After solving the recurrence relation
$$T(n) = 3T(\frac{n}{3}) + n\log(n)$$
I get following equation
$$T(n)=3kT(\frac{n}{3k})+ n\log(n) + n\log(\frac{n}{3}) + n\log(\frac{n}{3^2})+\dots+n\log(\frac{n}{3^k})$$
I don't know how to simplify the summation and how to know the asymptotic function?
On
Assuming $\log n = \ln n$ we have
$$ T\left(3^{\log_3 n}\right)=3T\left(3^{\log_3 \left(\frac n3\right)}\right)+n\frac{\log_3 n}{\log_3 e} $$
now calling $\mathcal{T}(\cdot)=T\left(3^{(\cdot)}\right)$ and $z = \log_3 n$ we follow with the recurrence
$$ \mathcal{T}(z)= 3 \mathcal{T}(z-1)+z3^z c_0 $$
with solution
$$ \mathcal{T}(z)= 3^{z-1}c_1+z(z+1)3^z\frac{c_0}{2} $$
and now going backwards with $z = \log_3 n$ we arrive at
$$ T(n) = \frac n3 c_1 +n(\log_3 n) (1+\log_3 n)\frac {c_0}{2} $$
NOTE
The recurrence $\mathcal{T}(z)= 3 \mathcal{T}(z-1)+z3^z c_0 $ is linear so the solution can be composed as $\mathcal{T}(z)=\mathcal{T}_h(z)+\mathcal{T}_p(z)$. The homogeneous solution is direct
$$ \mathcal{T}_h(z) = 3^{z-1}c_1 $$
now taking as particular $\mathcal{T}_p(z) = 3^{z-1}c_1(z)$ and substituting into the complete recurrence we get
$$ c_1(z) = c_1(z-1)+3z c_0 $$
hence
$$ c_1(z) = \frac 32z(z+1)c_0 $$
etc.
Let $n=3^k$. We have,
$T(n)=3^kT(\frac{n}{3^k})+ n\log(n) + n\log(\frac{n}{3}) + n\log(\frac{n}{3^2})+\dots+n\log(\frac{n}{3^k})$
$=3^k.T(1)+n\log\left(n.\frac{n}{3^1}.\frac{n}{3^2}\ldots.\frac{n}{3^k}\right)$
$=3^k.1+n\log\left(n.\frac{n^k}{3^{1+2+\ldots+k}}\right)$ (since $T(1)=1$)
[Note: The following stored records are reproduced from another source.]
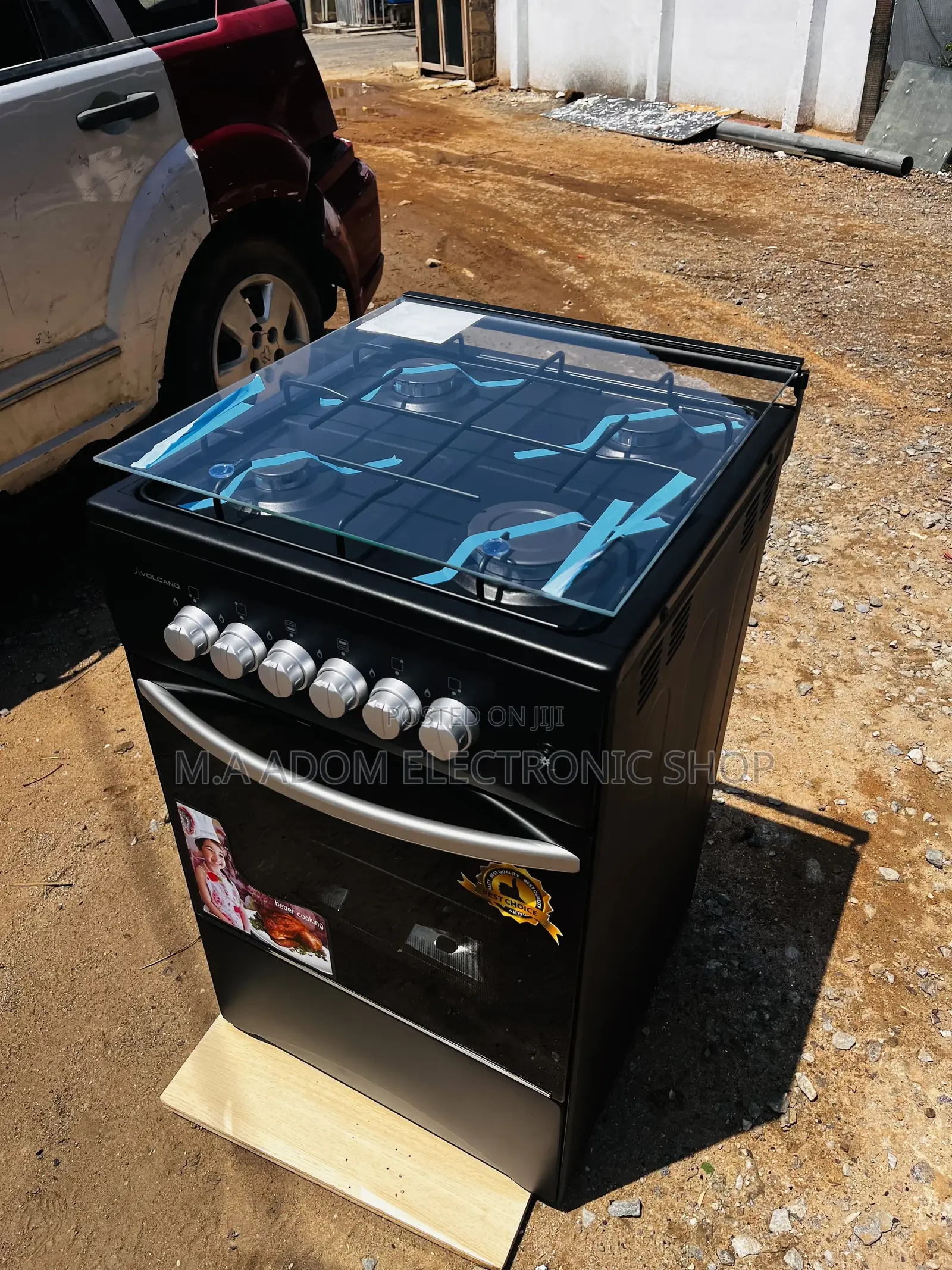 Black Anti Rust Kitchen Stove With Oven Grill Glass Cover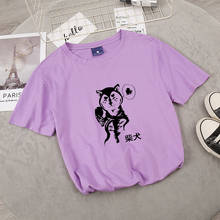 Японская Футболка женская Милая футболка с изображением собаки Шиба ину летняя футболка с круглым вырезом Повседневная фиолетовая Мужская хлопчатобумажная футболка Kawaii одежда 2024 - купить недорого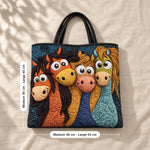 Bernadette | Quilted Tote Bag with Four Cheeky Horses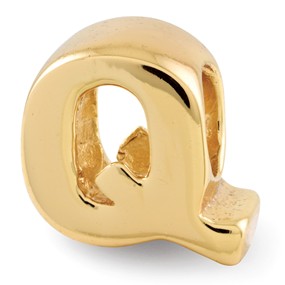 Gold Plated Letter Q Bead Charm hide-image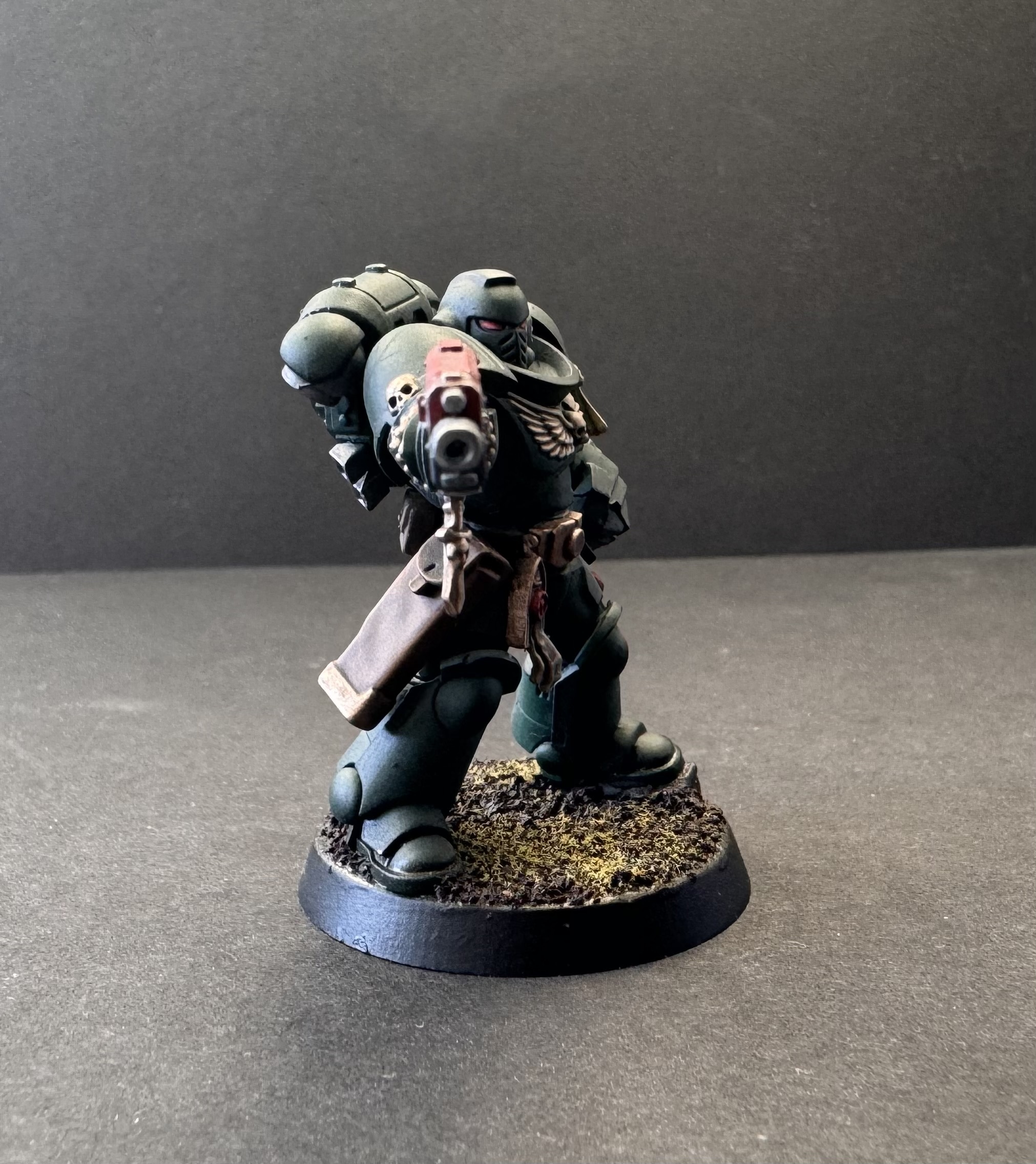 Kyle's Dark Angels Veteran - front level hero shot looking down the barrel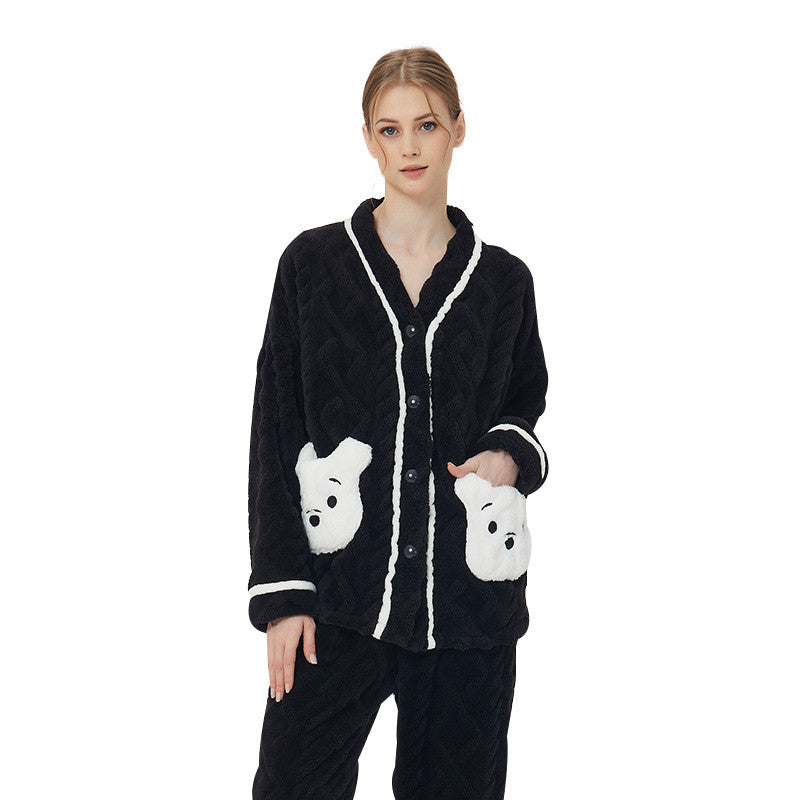 Womens V Neck Buttons Cardigan Pajamas Set-White Bear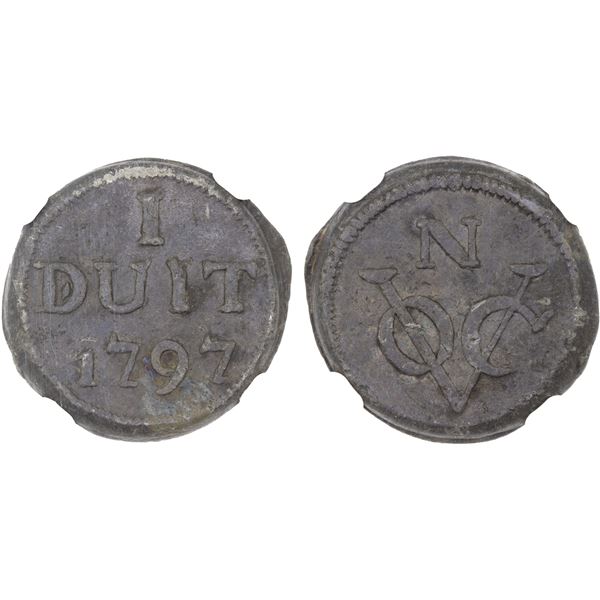 NETHERLANDS EAST INDIES: United East India Company, tin duit, 1797, NGC EF45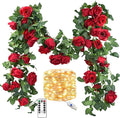 FiveSeasonStuff 29 Ft 4 Pack Christmas Red Rose Silk Flower Garland Artificial by FiveSeasonStuff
$=3^k+n\log\left(\frac{n^{k+1}}{3^{1+2+\ldots+k}}\right)$
$=3^k+n\log\left(\frac{(3^k)^{k+1}}{3^{k(k+1)/2}}\right)$
$=3^k+n\log\left(\frac{3^{k(k+1)}}{3^{k(k+1)/2}}\right)$
$=3^k+3^k\log\left(3^{k(k+1)/2}\right)$
$=3^k+3^k.k(k+1)/2.\log3$
$=3^k+\Theta(3^k.k^2)$
$=\Theta(3^k.k^2)$
$=\Theta(n.(\log n)^2)$ (since $n=3^k$)
Or use Master theorem:
$T(n) = 3T(\frac{n}{3}) + n\log(n)$, here $c_{crit}=\log_b a = \log_3 3 = 1$, $k=1$, hence, we have,
$T(n) = \Theta(n^{c_{crit}}\log^{k+1}n)=\Theta(n\log^2 n)$